Es werden ihm nun postum die höchsten Ehren zuteil, die Hollywood zu vergeben hat - bei den Golden Globes wurde er gerade für "Ma Rainey's Black Bottom" ausgezeichnet, und für den Oscar als bester Hauptdarsteller ist er auch nominiert. Man sieht da ein paar Stunden einer Studio-Session in Chicago, 1927. Der Film basiert auf einem der Theaterstücke von August Wilson, der die Machtverhältnisse zwischen Schwarz und Weiß zu fassen versuchte und die Dynamik der Afroamerikaner untereinander - produziert hat den Film übrigens Denzel Washington, der das Wilson-Stück "Fences" verfilmt hat und Chadwick Boseman seinerzeit eine Zusatz-Ausbildung in Oxford spendierte.

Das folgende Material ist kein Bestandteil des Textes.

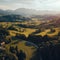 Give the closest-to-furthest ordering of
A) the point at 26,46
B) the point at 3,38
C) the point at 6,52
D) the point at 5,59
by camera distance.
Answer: the point at 5,59 → the point at 6,52 → the point at 26,46 → the point at 3,38

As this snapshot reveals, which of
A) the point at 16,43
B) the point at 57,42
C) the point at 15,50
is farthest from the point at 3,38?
the point at 57,42

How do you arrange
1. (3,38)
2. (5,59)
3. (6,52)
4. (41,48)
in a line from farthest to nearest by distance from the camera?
(3,38)
(41,48)
(6,52)
(5,59)

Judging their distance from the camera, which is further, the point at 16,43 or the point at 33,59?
the point at 16,43

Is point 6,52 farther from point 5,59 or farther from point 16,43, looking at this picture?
point 16,43

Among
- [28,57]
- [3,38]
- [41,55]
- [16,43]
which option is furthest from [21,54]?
[3,38]

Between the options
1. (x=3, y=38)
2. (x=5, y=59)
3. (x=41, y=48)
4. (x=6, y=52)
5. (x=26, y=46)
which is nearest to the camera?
(x=5, y=59)

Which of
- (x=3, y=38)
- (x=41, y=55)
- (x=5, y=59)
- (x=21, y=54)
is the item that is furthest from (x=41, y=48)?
(x=3, y=38)

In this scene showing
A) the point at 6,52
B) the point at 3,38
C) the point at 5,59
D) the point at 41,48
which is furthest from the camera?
the point at 3,38

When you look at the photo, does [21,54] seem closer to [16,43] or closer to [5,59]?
[5,59]

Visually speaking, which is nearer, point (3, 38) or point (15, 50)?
point (15, 50) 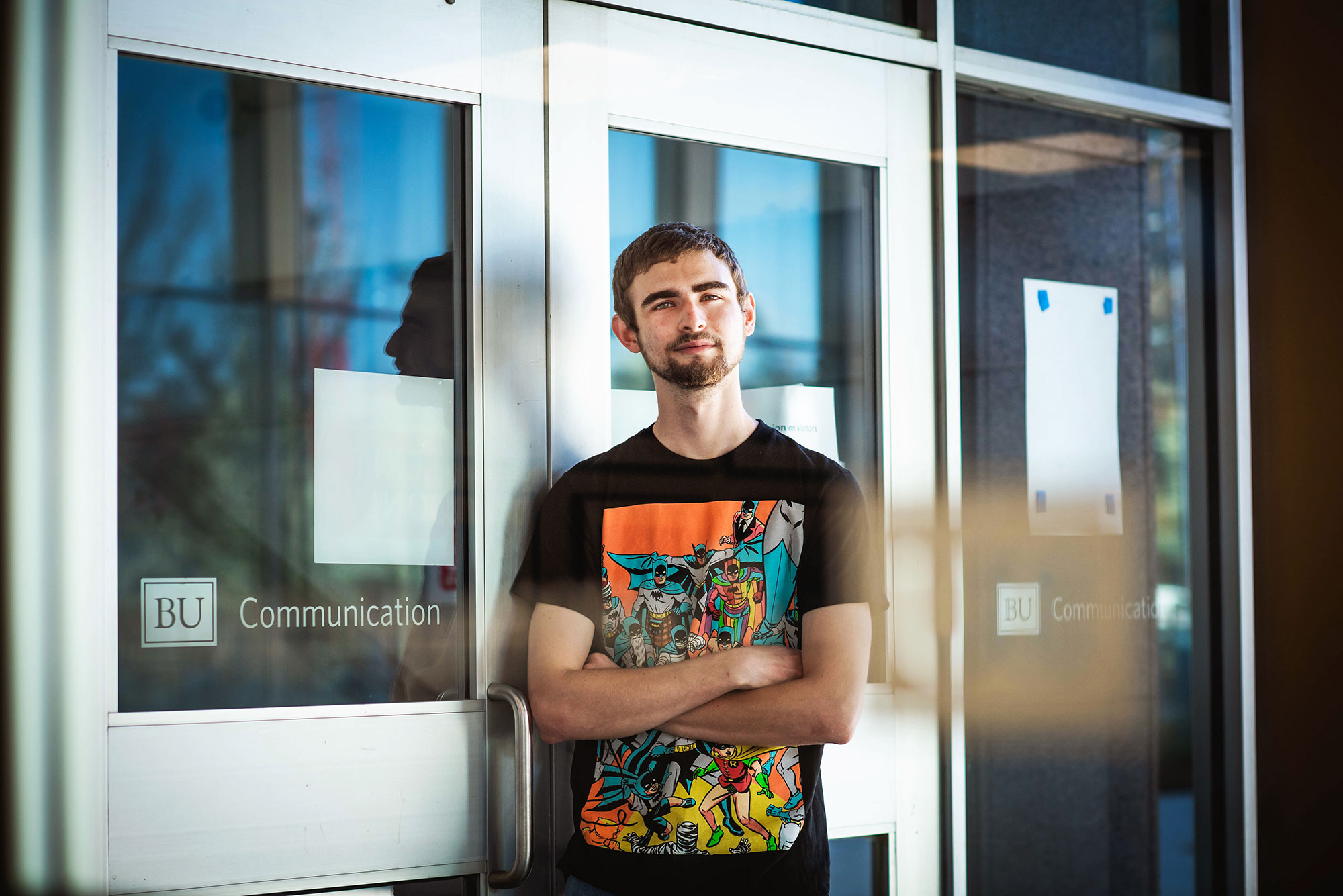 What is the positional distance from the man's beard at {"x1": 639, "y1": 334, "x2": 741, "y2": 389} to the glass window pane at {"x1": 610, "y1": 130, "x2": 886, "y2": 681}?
0.17ft

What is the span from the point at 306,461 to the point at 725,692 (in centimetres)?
89

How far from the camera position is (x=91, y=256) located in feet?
1.51

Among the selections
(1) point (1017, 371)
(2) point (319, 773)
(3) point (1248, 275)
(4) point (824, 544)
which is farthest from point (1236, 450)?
(2) point (319, 773)

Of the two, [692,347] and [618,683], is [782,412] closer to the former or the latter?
[692,347]

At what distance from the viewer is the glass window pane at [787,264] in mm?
2377

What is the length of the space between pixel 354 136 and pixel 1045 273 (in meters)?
1.72

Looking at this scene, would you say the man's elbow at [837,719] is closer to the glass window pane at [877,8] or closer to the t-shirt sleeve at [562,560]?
the t-shirt sleeve at [562,560]

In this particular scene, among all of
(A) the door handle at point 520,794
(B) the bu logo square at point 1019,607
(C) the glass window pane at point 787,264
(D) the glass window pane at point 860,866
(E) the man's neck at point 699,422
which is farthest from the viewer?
(B) the bu logo square at point 1019,607

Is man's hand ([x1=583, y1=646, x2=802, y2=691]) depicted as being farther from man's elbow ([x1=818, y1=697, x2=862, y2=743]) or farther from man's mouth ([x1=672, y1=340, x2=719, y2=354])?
man's mouth ([x1=672, y1=340, x2=719, y2=354])

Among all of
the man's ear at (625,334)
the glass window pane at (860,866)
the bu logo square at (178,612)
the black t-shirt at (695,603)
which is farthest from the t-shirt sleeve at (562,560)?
the glass window pane at (860,866)

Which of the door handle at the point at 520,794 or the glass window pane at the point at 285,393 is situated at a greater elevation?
the glass window pane at the point at 285,393

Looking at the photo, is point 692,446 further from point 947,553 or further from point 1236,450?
point 1236,450

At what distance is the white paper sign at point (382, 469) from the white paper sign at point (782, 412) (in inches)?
13.9

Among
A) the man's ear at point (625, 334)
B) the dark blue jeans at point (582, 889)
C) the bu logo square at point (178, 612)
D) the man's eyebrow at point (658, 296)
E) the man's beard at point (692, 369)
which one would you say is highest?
the man's eyebrow at point (658, 296) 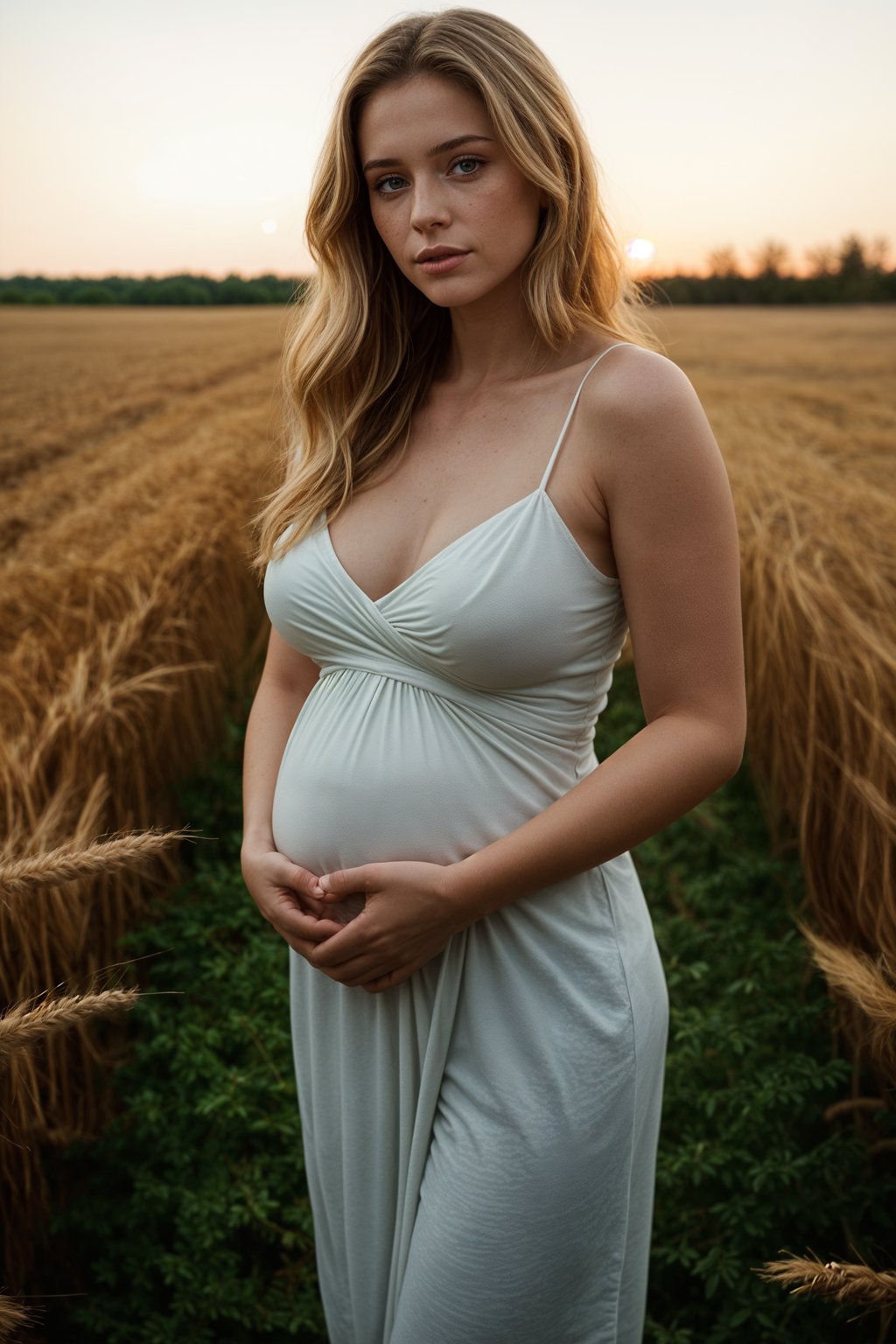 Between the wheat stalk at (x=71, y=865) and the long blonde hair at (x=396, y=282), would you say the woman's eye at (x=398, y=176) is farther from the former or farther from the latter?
the wheat stalk at (x=71, y=865)

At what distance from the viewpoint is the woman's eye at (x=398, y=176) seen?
3.58ft

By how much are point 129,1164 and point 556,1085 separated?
1268 mm

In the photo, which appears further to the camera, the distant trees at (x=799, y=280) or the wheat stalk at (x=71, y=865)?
the distant trees at (x=799, y=280)

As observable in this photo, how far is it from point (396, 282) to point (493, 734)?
0.69 m

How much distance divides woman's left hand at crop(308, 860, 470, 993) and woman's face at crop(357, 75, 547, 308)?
64 cm

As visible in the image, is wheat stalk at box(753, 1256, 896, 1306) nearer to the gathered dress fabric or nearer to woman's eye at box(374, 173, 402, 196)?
the gathered dress fabric

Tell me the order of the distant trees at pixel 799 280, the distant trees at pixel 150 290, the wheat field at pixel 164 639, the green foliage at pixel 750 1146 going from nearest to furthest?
the green foliage at pixel 750 1146 < the wheat field at pixel 164 639 < the distant trees at pixel 150 290 < the distant trees at pixel 799 280

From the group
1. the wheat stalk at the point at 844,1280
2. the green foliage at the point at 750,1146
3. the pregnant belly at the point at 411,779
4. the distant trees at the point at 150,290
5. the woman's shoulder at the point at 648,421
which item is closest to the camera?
the wheat stalk at the point at 844,1280

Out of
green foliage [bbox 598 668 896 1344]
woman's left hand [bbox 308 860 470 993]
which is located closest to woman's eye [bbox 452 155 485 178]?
woman's left hand [bbox 308 860 470 993]

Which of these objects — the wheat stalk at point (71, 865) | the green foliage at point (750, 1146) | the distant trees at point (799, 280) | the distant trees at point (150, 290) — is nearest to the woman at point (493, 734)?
the wheat stalk at point (71, 865)

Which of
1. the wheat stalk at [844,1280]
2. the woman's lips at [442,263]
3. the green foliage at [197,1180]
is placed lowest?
the green foliage at [197,1180]

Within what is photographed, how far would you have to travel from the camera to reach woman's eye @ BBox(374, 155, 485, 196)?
1.09 m

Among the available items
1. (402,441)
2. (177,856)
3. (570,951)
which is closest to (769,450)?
(177,856)

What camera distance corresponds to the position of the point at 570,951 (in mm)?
1096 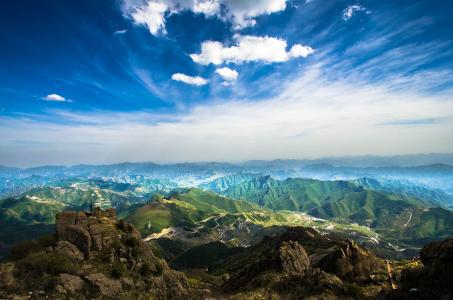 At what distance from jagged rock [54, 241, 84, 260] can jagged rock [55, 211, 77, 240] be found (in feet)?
12.1

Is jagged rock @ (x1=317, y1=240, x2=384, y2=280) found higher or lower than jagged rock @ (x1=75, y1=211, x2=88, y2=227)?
lower

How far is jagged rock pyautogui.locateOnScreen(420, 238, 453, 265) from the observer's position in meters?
46.3

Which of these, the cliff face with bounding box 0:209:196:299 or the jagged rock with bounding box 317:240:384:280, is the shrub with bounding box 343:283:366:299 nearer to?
the jagged rock with bounding box 317:240:384:280

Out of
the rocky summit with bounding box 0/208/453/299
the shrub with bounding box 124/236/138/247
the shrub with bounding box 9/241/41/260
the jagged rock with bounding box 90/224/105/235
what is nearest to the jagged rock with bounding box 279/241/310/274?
the rocky summit with bounding box 0/208/453/299

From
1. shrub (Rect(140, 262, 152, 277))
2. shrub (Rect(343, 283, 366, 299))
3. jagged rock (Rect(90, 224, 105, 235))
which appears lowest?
shrub (Rect(343, 283, 366, 299))

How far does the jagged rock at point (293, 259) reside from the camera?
236 ft

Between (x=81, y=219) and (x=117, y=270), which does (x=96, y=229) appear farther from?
(x=117, y=270)

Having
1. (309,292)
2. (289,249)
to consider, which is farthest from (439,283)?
(289,249)

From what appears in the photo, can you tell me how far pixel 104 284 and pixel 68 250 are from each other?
34.5ft

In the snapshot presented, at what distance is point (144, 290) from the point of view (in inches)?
2068

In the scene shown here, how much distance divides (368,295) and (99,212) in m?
64.2

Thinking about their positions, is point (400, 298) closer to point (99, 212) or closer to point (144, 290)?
point (144, 290)

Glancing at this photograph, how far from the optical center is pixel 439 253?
4922 centimetres

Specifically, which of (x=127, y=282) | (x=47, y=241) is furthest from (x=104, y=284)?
(x=47, y=241) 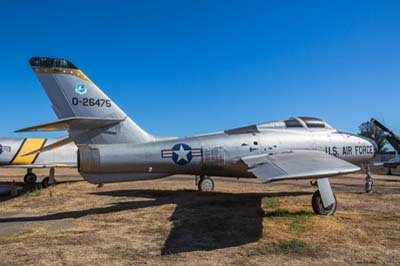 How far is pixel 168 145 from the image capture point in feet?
35.7

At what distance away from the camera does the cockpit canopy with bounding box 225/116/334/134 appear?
12633mm

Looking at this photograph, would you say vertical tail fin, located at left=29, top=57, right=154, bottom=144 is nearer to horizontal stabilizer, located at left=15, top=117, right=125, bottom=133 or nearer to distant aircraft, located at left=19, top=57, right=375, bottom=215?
distant aircraft, located at left=19, top=57, right=375, bottom=215

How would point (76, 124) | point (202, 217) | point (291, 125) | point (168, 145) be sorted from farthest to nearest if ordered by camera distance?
point (291, 125) → point (168, 145) → point (76, 124) → point (202, 217)

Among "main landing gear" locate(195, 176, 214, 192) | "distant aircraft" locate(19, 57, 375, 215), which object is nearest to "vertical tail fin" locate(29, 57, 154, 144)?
"distant aircraft" locate(19, 57, 375, 215)

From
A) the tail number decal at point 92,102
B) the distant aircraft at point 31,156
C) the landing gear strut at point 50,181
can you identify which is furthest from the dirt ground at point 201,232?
the distant aircraft at point 31,156

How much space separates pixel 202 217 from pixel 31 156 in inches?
631

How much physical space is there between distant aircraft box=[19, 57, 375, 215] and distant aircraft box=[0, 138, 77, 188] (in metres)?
11.2

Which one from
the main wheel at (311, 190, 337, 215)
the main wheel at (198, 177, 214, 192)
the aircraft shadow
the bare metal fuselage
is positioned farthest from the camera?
the main wheel at (198, 177, 214, 192)

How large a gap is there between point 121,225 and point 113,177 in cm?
172

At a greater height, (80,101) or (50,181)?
(80,101)

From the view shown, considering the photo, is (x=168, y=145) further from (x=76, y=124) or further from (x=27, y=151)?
(x=27, y=151)

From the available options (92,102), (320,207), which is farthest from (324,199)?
(92,102)

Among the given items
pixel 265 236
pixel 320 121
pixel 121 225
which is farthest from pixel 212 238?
pixel 320 121

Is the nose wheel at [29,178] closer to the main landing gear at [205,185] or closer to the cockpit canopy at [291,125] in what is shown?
the main landing gear at [205,185] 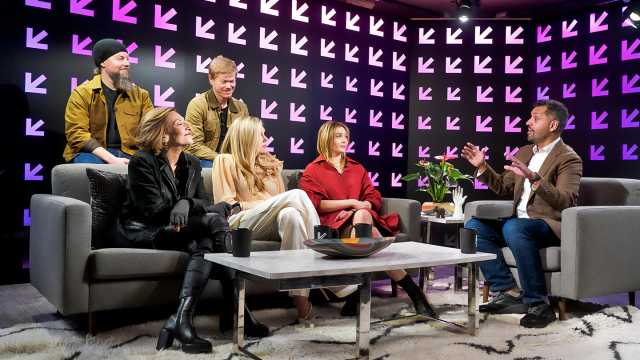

Levee, der Musiker, den Boseman spielt, will sich nicht an die Regeln halten, die die anderen in der Band verinnerlicht haben, den Weißen gehorchen und sich Ma Rainey (Viola Davis) unterordnen, er hat seine eigenen Arrangements geschrieben und will eine Band gründen. Levee hat zwei Monologe, in denen sich der Ursprung seiner nur mühsam unterdrückten Wut erklärt, seine offensichtliche Sehnsucht, endlich gegen jeden aufzubegehren, der sich ihm in den Weg stellt - er wird seine eigene Zukunft zerstören, seine Aggression wird sich in die falsche Richtung entladen. Und er nimmt in diesen Augenblicken so viel Raum ein, dass aus Levee tatsächlich eine Hauptrolle wird in Ma Raineys Universum. Vielleicht sogar eine, die mit einem Oscar prämiert wird. Susan Vahabzadeh

Emerald Fennell ist als beste Regisseurin und als beste Drehbuchautorin nominiert. (Foto: Taylor Jewell/AP)

Emerald Fennell

Eigentlich ist es immer falsch, wenn man glaubt, jemand sei ganz plötzlich, wie aus dem Nichts auf die große Bühne von Hollywood getreten, und natürlich gilt das auch für Emerald Fennell, die für ein Drehbuch der Serie "Killing Eve" immerhin schon für einen Emmy nominiert war. Und doch: So richtig dürfte ihr ausnehmend schöner Name vor dem vergangenen Herbst nur wenigen ein Begriff gewesen sein. International bekannt wurde sie als Schauspielerin, in der vierten Staffel von "The Crown" spielt sie eine ziemlich sympathische Camilla Parker-Bowles. Und dann war sie plötzlich der Star der Oscar-Saison: als Frau hinter dem Metoo-Rache-Thriller "Promising Young Woman" mit Carey Mulligan in der Hauptrolle. Es ist Fennells Debütfilm.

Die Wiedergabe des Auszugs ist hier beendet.